--- START ---

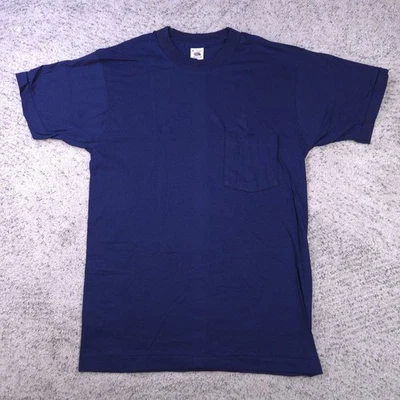 Camiseta De Colección Fruit Of The Loom Hombres Mediana Puntada Única Bolsillo Sin Stock Azul Marino Nueva Foto 1 de 4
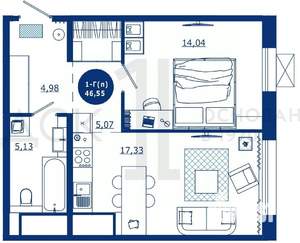 1-к квартира, вторичка, 47м2, 7/17 этаж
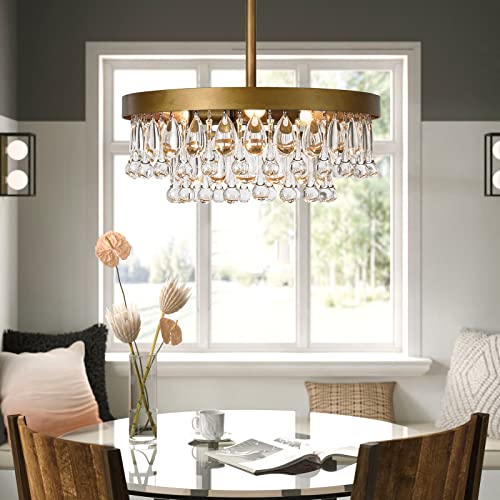 SEOL-Light Antique Gold Crystal Flush Chandeliers Round Large Pendant Ceiling Light Fixture for Dining Room,Bedroom,Living Room,3 Light,120W,E12,15 Dia*6" H; by SEOL - Image 5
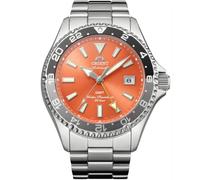 Orient Mako GMT - Reloj automático de acero inoxidable, hora mundial, naranja, Buceo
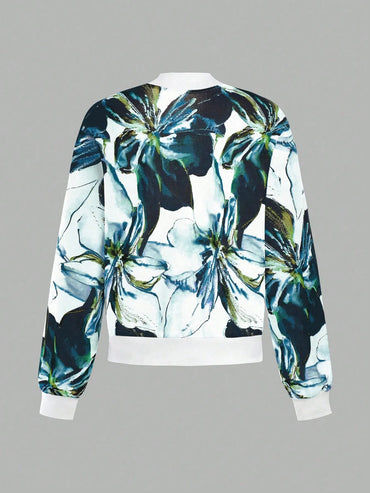 Printed Zip Up Long Sleeve Jacket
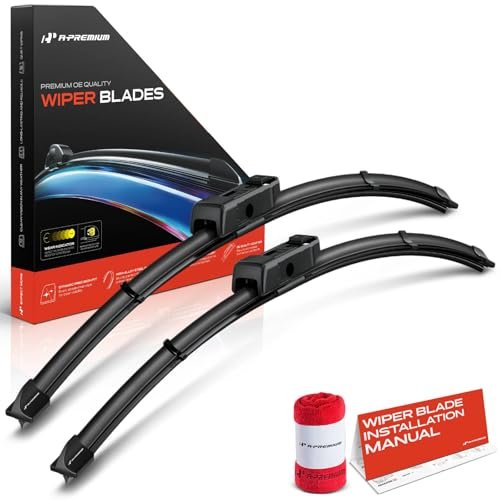 A-Premium Pack of 2 Windshield Wiper Blades for Audi Models.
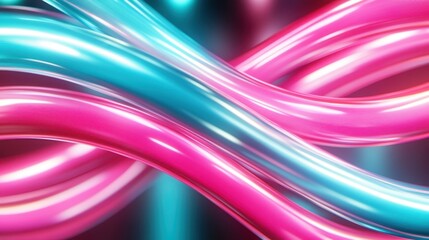 Poster - An eye-catching display of intertwining pink and blue glossy forms creates a dynamic sense of movement and energy, ideal for modern design projects and visual appeal.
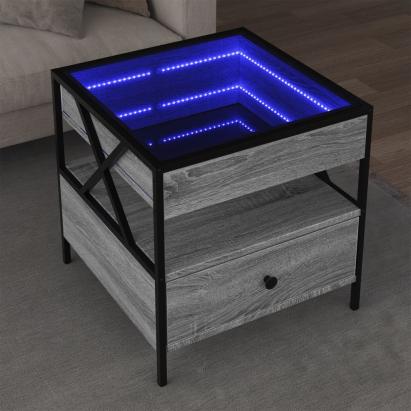 Măsuță de cafea cu LED infinity, gri sonoma, 50x50x51 cm GartenMobel Dekor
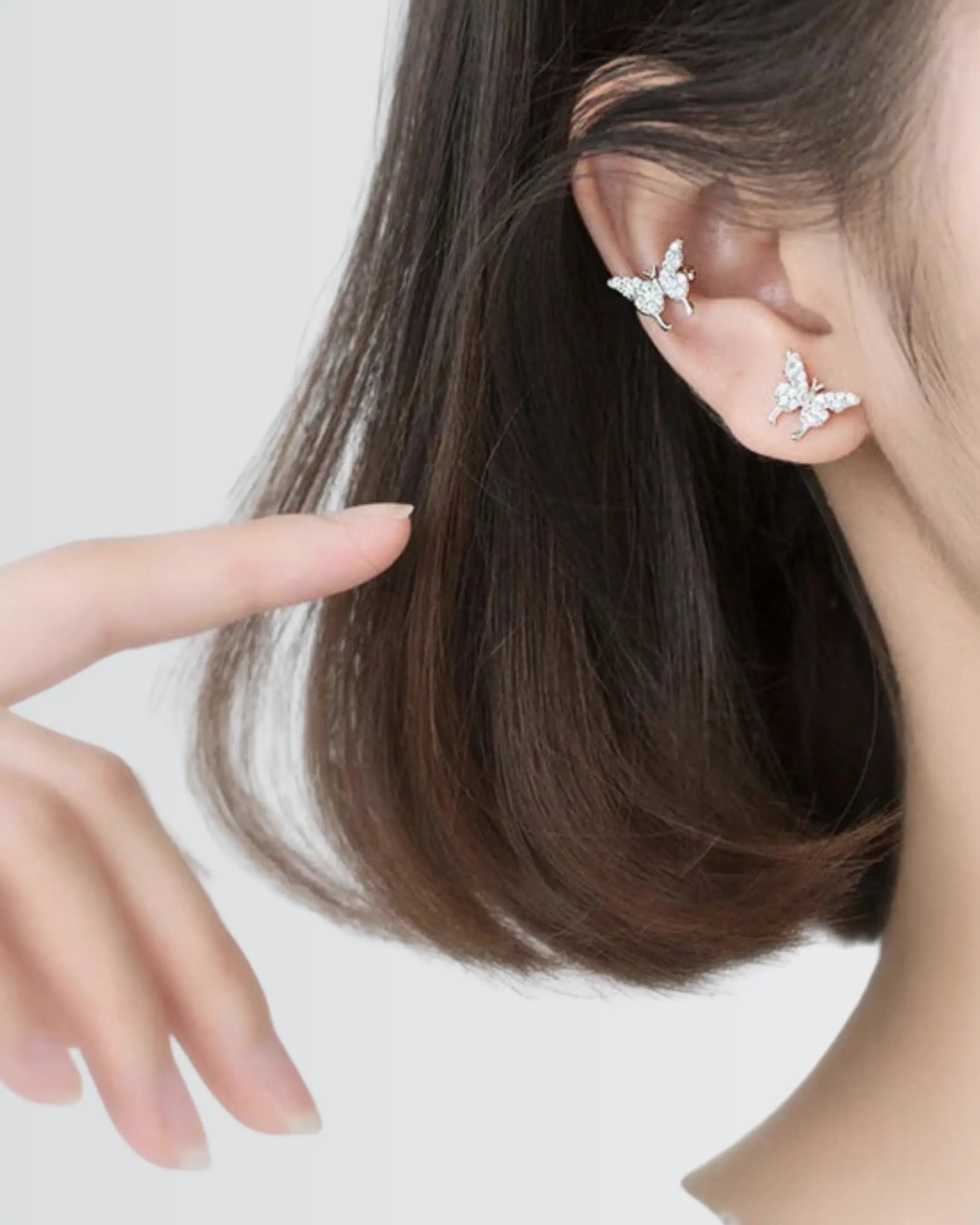 Lil Flutterfly Studs - Silver Earrings by BLINGLANE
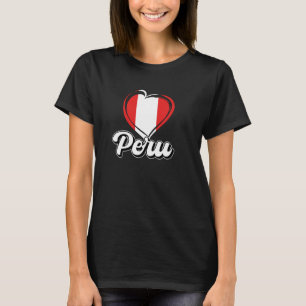 Travel Heritage Love Peruvian Flag Peru T-Shirt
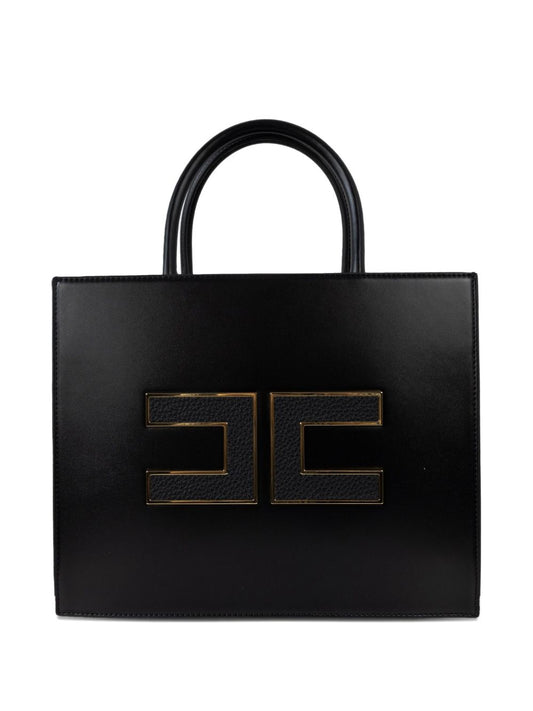 Elisabetta Franchi Logo-plaque leather tote bag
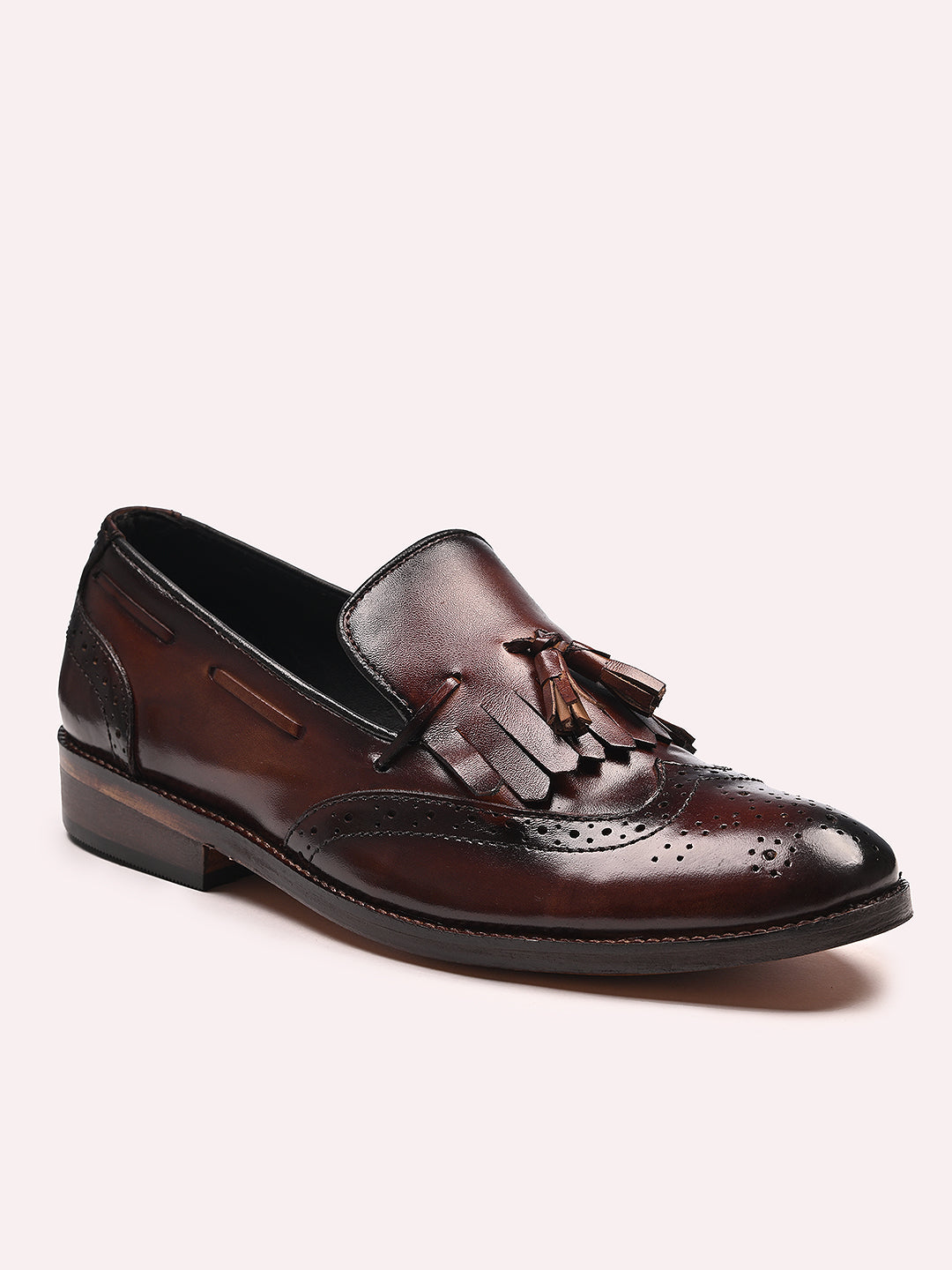 Stylish Kiltie Leather Loafers | Brown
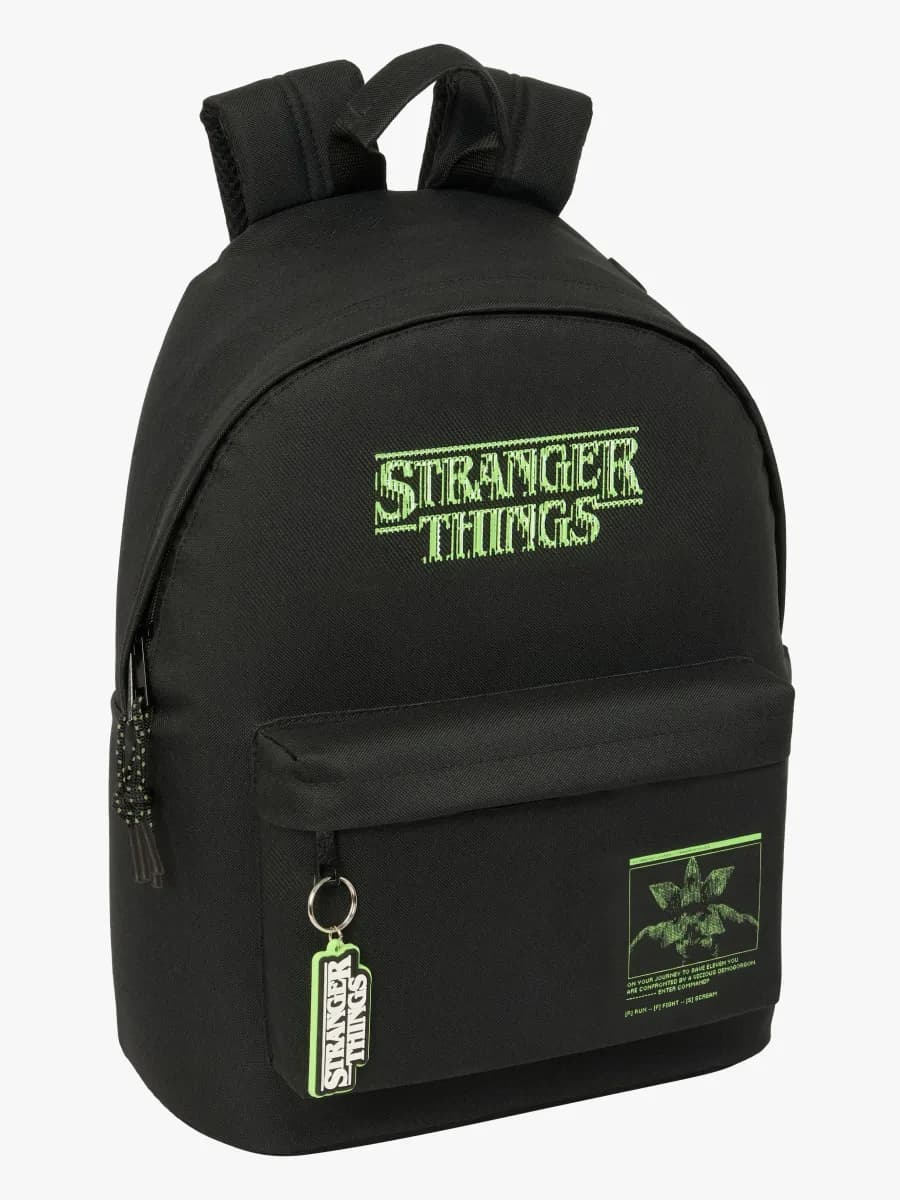 Stranger Things Laptop 14,1" Ryggsäck, Svart/Grön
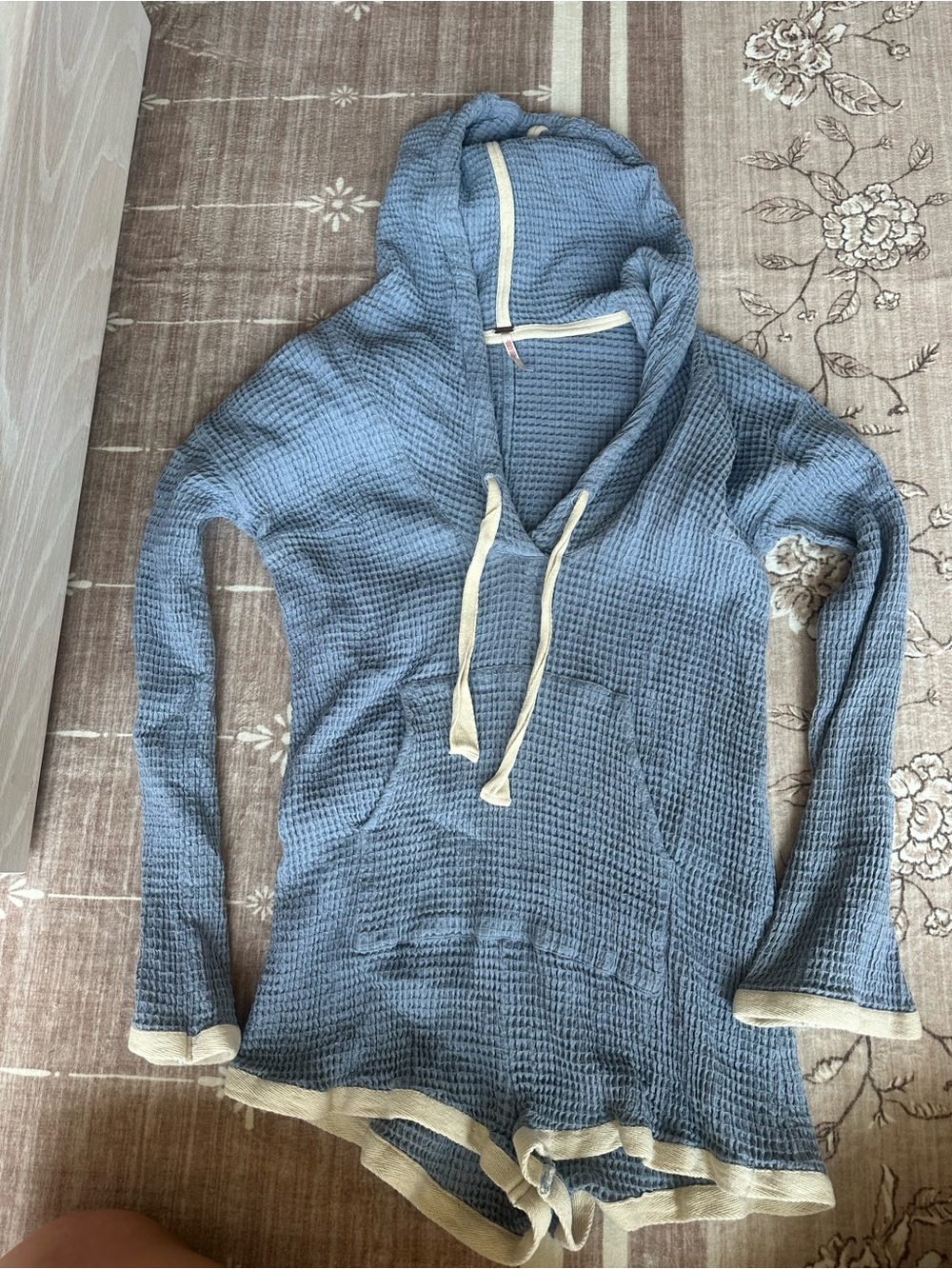 Free People Light Blue Waffle-Knit Hooded Romper with Cream Trim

--- END ---

TASK GOAL - What the answer must hold is the exact text of every line from the one containing "SEOL-Light Antique Gold" through the end of the data, minus any pictures.

SOLUTION FOR THIS EXERCISE -
 SEOL-Light Antique Gold Crystal Flush Chandeliers Round Large Pendant Ceiling Light Fixture for Dining Room,Bedroom,Living Room,3 Light,120W,E12,15 Dia*6" H; by SEOL - Image 5
 Orient Mako GMT - Reloj automático de acero inoxidable, hora mundial, naranja, Buceo
 Printed Zip Up Long Sleeve Jacket
 A-Premium Pack of 2 Windshield Wiper Blades for Audi Models.
 Poster - An eye-catching display of intertwining pink and blue glossy forms creates a dynamic sense of movement and energy, ideal for modern design projects and visual appeal.
 Măsuță de cafea cu LED infinity, gri sonoma, 50x50x51 cm GartenMobel Dekor
 Lil Flutterfly Studs - Silver Earrings by BLINGLANE
 Travel Heritage Love Peruvian Flag Peru T-Shirt
 Elisabetta Franchi Logo-plaque leather tote bag
 Stylish Kiltie Leather Loafers | Brown
 Stranger Things Laptop 14,1" Ryggsäck, Svart/Grön
 Free People Light Blue Waffle-Knit Hooded Romper with Cream Trim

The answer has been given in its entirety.